Stored items
───
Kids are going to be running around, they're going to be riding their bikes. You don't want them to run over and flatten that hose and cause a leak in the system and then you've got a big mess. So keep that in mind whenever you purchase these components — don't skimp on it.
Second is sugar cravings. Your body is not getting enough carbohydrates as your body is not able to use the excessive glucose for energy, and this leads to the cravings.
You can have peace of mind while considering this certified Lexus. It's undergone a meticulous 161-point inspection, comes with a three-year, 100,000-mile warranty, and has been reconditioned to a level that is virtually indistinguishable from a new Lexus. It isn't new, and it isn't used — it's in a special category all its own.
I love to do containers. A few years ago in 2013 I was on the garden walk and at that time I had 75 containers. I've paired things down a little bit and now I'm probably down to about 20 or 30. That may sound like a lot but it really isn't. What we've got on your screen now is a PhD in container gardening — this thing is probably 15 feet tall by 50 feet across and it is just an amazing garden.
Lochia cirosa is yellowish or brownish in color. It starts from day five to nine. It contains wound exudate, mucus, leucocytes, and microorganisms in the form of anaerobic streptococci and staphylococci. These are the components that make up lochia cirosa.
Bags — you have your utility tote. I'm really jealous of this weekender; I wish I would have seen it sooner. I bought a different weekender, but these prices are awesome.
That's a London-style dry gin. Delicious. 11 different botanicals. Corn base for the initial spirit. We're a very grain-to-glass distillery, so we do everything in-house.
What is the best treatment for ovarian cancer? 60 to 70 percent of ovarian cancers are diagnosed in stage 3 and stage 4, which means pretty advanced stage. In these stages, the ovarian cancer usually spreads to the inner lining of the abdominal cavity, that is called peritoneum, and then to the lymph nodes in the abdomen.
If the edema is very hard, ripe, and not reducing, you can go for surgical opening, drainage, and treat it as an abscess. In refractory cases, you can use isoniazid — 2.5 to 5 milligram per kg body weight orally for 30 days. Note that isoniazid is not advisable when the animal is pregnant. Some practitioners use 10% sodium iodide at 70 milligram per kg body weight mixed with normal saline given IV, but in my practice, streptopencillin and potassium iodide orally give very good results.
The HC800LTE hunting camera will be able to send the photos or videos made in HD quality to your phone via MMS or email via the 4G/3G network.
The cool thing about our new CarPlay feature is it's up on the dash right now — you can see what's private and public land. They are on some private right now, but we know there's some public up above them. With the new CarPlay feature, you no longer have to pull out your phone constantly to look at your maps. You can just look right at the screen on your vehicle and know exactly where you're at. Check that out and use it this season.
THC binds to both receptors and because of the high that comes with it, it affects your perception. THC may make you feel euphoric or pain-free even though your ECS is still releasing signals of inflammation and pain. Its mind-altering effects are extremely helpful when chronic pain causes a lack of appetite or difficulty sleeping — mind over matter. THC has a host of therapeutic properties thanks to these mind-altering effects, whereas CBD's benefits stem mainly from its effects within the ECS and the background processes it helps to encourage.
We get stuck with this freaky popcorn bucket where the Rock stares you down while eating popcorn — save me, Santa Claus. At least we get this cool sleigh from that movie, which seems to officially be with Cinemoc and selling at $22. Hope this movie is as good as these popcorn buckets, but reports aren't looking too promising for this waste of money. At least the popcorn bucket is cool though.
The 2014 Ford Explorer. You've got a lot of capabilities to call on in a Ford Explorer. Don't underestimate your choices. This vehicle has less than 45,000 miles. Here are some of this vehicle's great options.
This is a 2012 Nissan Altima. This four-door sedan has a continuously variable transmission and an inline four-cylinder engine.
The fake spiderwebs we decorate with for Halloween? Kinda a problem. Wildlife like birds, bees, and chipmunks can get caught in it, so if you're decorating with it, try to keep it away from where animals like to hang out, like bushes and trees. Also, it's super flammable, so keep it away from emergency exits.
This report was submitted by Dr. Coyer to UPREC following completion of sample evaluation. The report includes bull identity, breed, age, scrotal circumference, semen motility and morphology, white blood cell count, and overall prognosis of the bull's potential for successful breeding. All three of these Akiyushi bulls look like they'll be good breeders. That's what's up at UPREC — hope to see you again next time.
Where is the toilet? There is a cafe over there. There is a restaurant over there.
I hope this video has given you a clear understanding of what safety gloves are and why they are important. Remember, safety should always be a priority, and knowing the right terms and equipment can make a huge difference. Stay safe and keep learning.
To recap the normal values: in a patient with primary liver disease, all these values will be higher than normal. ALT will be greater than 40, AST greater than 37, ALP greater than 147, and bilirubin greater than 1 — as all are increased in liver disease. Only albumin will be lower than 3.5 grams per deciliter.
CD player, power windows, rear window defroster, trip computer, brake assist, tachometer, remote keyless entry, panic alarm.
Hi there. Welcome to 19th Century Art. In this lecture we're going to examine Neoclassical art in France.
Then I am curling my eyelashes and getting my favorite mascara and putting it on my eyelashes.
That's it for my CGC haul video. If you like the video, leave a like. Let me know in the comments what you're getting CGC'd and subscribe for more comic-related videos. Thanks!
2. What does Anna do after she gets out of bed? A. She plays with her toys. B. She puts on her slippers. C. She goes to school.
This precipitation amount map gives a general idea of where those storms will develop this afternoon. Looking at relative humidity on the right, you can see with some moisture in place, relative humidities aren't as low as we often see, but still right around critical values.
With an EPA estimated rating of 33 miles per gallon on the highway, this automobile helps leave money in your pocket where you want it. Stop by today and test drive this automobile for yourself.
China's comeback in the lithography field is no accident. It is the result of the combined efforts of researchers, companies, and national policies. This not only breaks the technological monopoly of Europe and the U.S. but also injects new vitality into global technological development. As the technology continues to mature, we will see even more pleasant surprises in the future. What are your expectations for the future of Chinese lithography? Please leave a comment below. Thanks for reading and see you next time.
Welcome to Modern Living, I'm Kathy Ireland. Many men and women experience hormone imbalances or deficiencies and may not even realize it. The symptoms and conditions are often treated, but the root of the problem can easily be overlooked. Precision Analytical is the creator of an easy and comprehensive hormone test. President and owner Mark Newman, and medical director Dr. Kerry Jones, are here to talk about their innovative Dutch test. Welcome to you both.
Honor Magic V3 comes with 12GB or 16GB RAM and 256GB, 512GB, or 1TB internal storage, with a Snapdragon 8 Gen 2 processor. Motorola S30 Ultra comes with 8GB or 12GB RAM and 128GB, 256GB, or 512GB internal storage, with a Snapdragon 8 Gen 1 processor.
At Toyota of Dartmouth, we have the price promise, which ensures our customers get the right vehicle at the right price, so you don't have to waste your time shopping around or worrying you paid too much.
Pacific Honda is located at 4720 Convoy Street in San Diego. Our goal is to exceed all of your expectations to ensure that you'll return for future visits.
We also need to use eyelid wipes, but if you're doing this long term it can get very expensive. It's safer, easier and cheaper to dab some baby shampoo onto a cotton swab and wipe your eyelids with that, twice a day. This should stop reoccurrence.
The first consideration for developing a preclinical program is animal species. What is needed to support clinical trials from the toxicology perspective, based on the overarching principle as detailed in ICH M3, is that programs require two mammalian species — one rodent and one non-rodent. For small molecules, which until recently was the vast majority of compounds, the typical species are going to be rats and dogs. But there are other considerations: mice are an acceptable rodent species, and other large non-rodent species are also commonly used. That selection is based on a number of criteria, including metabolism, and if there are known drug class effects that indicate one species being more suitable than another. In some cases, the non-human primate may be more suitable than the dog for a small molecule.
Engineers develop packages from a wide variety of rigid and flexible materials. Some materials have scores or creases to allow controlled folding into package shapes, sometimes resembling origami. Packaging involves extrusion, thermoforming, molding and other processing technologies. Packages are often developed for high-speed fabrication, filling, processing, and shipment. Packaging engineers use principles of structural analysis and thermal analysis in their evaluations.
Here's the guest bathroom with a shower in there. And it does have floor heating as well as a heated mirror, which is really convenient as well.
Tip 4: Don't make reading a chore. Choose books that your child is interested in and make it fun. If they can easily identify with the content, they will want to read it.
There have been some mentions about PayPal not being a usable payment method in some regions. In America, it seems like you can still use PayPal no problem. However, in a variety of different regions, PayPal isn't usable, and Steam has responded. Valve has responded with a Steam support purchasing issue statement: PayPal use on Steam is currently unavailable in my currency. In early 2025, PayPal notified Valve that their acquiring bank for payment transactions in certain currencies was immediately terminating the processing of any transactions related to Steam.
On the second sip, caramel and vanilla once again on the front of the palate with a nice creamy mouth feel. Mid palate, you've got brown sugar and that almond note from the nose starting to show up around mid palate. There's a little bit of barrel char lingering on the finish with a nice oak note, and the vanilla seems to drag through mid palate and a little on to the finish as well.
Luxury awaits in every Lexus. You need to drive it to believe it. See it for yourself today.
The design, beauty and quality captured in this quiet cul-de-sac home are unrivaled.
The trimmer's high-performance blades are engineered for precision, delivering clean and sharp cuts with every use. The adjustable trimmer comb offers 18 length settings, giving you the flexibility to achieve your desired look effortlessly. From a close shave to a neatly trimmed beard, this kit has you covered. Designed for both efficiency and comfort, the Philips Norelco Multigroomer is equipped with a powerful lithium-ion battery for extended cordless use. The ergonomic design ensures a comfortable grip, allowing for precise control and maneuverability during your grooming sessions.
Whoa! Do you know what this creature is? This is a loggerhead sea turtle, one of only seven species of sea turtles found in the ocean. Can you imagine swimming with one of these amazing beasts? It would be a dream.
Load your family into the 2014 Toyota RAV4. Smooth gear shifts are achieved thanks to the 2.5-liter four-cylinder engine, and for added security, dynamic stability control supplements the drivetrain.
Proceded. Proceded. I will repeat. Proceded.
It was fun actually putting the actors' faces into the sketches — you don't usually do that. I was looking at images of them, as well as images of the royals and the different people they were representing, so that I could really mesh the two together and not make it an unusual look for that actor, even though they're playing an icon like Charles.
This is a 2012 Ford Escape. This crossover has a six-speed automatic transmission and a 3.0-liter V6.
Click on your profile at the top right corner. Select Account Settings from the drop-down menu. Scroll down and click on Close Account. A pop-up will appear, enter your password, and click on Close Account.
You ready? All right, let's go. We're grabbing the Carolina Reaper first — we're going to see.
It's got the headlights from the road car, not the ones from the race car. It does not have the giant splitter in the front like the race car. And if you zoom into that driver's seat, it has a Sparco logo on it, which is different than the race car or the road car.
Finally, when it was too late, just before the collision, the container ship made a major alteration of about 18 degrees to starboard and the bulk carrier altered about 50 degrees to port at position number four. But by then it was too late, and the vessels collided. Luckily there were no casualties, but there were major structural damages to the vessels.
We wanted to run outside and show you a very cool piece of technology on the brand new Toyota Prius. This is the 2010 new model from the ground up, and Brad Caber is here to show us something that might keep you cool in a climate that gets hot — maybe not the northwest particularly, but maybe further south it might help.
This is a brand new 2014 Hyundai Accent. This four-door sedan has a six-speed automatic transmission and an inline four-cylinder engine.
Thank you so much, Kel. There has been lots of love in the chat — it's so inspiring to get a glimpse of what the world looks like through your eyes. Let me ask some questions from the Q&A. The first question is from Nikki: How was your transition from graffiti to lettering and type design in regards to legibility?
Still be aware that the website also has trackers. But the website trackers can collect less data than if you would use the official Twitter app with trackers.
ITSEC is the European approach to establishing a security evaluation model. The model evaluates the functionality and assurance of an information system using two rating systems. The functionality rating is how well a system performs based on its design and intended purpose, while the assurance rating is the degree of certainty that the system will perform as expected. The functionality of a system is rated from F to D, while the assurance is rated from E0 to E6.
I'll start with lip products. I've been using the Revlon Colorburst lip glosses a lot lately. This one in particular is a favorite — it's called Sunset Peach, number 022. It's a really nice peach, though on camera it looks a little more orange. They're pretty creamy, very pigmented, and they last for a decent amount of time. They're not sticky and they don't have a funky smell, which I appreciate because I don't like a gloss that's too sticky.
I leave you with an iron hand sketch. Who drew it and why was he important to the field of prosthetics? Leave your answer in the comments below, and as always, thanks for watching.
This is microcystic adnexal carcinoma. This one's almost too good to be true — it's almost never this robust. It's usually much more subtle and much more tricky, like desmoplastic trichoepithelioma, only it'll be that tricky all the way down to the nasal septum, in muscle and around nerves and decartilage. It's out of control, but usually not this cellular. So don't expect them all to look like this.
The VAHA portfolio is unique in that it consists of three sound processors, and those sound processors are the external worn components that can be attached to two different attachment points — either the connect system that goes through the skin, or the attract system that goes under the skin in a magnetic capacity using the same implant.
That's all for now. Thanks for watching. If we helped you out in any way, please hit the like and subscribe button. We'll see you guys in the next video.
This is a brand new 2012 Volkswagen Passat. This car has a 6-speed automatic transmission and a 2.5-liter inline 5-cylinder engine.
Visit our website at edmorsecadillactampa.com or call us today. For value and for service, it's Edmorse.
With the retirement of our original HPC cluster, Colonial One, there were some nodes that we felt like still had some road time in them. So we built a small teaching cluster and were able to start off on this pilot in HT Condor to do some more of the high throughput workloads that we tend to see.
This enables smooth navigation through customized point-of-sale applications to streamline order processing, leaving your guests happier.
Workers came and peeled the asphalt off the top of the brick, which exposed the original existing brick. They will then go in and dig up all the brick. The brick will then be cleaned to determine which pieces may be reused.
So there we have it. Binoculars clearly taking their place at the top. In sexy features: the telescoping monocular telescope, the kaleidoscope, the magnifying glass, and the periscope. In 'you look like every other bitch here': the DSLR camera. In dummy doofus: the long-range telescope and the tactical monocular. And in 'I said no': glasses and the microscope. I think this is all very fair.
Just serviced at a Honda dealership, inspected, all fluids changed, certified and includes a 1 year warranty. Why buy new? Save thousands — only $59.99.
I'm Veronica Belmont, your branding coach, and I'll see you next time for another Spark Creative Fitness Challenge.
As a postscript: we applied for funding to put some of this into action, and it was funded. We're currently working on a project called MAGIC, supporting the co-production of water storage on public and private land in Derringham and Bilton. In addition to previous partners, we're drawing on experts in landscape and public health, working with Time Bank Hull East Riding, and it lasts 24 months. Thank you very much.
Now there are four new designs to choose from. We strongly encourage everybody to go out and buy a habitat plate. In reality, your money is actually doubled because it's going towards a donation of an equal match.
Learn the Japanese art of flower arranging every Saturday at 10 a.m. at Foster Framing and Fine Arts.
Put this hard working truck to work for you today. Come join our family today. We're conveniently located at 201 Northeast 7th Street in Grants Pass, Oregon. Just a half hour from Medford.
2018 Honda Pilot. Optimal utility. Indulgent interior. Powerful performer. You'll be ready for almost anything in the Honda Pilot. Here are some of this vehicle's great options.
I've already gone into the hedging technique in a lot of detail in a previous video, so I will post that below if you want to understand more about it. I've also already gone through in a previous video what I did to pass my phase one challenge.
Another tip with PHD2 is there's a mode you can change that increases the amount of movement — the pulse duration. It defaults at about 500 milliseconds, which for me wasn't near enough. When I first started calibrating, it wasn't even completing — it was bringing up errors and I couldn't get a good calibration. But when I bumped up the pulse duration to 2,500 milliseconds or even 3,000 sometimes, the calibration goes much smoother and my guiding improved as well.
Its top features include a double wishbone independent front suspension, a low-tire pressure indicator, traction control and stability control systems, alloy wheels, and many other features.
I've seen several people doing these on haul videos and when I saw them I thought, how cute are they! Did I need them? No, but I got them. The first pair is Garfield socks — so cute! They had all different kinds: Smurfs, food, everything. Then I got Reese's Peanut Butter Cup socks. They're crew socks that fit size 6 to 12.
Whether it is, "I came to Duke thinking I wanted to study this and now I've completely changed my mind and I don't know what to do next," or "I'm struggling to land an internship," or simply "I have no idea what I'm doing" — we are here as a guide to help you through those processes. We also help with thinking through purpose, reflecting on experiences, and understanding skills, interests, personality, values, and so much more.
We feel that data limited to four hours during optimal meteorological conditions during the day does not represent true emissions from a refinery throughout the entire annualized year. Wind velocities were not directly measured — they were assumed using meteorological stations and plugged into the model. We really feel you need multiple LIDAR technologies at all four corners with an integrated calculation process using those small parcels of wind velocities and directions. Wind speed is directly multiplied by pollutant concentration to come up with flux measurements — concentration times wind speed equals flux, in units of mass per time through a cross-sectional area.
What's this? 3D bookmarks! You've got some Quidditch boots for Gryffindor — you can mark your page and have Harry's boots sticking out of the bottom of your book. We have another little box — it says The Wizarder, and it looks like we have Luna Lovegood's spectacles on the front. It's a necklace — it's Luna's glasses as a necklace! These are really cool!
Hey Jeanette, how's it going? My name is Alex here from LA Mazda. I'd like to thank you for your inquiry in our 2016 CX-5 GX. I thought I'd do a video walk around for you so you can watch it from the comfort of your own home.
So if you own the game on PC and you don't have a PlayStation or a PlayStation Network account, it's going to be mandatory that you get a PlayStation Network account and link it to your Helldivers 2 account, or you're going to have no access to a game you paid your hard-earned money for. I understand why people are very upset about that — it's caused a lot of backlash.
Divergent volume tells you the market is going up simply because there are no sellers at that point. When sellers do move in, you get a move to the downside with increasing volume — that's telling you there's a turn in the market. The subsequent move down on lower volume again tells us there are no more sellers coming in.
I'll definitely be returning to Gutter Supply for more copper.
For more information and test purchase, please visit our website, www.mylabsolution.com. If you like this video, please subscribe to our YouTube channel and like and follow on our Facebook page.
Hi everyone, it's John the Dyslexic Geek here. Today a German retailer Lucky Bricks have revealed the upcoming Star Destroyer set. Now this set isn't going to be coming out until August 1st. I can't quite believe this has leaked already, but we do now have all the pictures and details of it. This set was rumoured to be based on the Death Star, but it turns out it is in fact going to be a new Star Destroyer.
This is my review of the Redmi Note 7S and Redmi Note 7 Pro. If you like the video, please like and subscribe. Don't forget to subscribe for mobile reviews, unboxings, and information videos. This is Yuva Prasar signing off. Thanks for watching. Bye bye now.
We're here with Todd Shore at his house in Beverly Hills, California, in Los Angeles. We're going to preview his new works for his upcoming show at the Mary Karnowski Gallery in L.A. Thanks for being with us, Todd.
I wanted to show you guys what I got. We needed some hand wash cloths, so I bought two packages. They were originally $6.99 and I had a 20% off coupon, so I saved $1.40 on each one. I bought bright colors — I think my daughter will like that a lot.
───
## TASK INSTRUCTIONS
Find the word "door" in the entries above and gather every line that holds it.

## REPLY TO THE EXERCISE
This is a 2012 Nissan Altima. This four-door sedan has a continuously variable transmission and an inline four-cylinder engine.
This is a brand new 2014 Hyundai Accent. This four-door sedan has a six-speed automatic transmission and an inline four-cylinder engine.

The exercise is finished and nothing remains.